Real property losses can occur with respect to structures previously slated for demolition or already abandoned. The former situation was addressed by the Alberta Court of Queen’s Bench in Lamont Health Care Centre v. Delnor Construction Ltd. (2003) 29 Alta. L.R. (4th) 113; 2003 CarswellAlta 1750.

Lamont involved a fire that caused extensive damage to two wings of a hospital under repair. The May 30, 1995 fire resulted in the demolition of the two wings. After obtaining necessary government approval reconstruction of the new wings commenced in April 1998 with the new, larger, building code compliant facilities being completed in April 1999 at a cost of over $4.7 million. Prior to the fire, a 1992 report had recommended the demolition of the two wings built in 1928 and 1948. Though the recommendation was not adopted by Lamont and the wings were “fully operational” at the time of the fire the Court concluded that the government would have granted approval for a new facility by 2000 with construction being completed in 2002.
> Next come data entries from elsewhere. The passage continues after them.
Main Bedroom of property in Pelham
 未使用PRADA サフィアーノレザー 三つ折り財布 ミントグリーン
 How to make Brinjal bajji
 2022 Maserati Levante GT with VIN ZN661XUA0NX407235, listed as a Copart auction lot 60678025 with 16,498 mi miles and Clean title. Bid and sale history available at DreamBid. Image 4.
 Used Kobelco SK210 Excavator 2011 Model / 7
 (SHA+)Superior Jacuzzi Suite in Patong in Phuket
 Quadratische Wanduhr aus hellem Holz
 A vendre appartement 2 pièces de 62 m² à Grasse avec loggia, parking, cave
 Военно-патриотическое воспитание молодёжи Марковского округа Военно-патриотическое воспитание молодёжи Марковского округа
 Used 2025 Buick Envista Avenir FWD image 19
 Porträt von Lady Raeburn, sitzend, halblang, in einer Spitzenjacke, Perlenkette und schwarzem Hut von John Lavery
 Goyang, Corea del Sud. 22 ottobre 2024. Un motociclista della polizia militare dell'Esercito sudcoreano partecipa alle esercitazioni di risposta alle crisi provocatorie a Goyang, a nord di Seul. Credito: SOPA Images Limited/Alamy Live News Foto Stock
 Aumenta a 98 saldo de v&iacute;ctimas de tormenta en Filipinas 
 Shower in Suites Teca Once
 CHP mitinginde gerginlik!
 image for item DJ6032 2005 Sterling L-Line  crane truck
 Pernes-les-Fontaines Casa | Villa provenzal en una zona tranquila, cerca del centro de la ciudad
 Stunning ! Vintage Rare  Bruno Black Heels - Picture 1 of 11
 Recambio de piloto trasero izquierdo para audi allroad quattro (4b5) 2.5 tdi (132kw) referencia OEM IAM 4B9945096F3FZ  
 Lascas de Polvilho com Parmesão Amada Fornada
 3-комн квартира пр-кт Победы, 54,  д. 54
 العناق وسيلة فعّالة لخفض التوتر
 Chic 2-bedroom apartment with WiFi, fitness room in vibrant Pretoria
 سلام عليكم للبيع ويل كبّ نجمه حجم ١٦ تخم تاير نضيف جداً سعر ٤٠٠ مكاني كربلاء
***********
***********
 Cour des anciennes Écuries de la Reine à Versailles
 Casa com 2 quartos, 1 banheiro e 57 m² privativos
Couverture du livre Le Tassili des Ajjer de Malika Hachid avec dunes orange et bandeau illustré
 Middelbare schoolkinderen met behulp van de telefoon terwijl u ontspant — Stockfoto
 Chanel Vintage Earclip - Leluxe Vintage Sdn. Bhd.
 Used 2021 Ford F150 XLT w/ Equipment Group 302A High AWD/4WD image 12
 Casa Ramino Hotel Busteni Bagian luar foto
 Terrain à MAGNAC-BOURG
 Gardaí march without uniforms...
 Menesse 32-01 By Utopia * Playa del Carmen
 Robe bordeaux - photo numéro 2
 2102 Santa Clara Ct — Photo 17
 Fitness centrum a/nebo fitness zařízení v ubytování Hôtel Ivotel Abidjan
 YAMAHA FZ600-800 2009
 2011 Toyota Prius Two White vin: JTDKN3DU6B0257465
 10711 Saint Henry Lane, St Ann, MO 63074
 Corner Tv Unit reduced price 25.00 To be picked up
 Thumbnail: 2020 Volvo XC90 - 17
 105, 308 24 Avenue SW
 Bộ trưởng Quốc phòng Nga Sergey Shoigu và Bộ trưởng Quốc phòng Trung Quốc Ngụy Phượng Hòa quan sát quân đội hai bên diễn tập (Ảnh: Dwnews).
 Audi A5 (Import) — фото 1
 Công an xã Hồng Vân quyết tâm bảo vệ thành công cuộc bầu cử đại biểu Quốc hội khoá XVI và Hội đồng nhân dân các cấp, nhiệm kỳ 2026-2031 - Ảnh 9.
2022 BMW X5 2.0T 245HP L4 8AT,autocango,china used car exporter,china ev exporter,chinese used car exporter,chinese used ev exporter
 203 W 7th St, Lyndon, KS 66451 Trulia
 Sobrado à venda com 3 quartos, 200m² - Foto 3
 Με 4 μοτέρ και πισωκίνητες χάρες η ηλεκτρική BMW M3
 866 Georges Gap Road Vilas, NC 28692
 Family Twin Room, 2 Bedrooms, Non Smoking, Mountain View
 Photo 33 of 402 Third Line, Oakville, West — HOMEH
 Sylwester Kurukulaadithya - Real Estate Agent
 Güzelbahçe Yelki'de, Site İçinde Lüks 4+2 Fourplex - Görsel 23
The plaintiff sought the reinstatement cost, including building code upgrades, less betterment for a larger building. The Court concurred that the plaintiff’s measure for reinstatement cost was correct and that it was reasonable for Lamont to re-build as it did but ultimately refused to award that level of damages. The Court’s refusal was based on the fact that the wings would have been demolished shortly in any event of the fire, the new facilities were far better than the old and the old had absolutely no salvage value as of their deemed demolition date in 2001.

After determining that reinstatement or replacement costs were not reasonable in the circumstances the Court considered three alternative methods for calculation damages:

(i)      market value of the destroyed buildings estimated at $192,000;

(ii)     replacement cost of the wings apportioned over their remaining useful lives estimated at $442,000; and

(iii)    financing costs for the replacement estimated at $240,000.

In the end the Court awarded the cost of early financing to the plaintiff as being the true measure of the plaintiff’s loss. It rejected the market value assessment because the unique nature of the property made appraisal difficult. The apportionment of replacement cost measure was rejected because the facilities had no salvage value at the time of fire, their life spans having effectively been over by 1992, and because it did not take into account the cost of repairs to the old facility the plaintiff would have incurred from the time of fire to the determined demolition year of 2002.

2.      Summary

Though the Court in Lamont did not refer to either James Street Hardware or Upper Lakes Shipping the result was consistent with both those decisions insofar as the award was based on early financing costs faced by the plaintiff. It is possible to envisage that in circumstances where demolition is set to occur very shortly after a loss or a building is abandoned and not due for occupancy no award will be granted.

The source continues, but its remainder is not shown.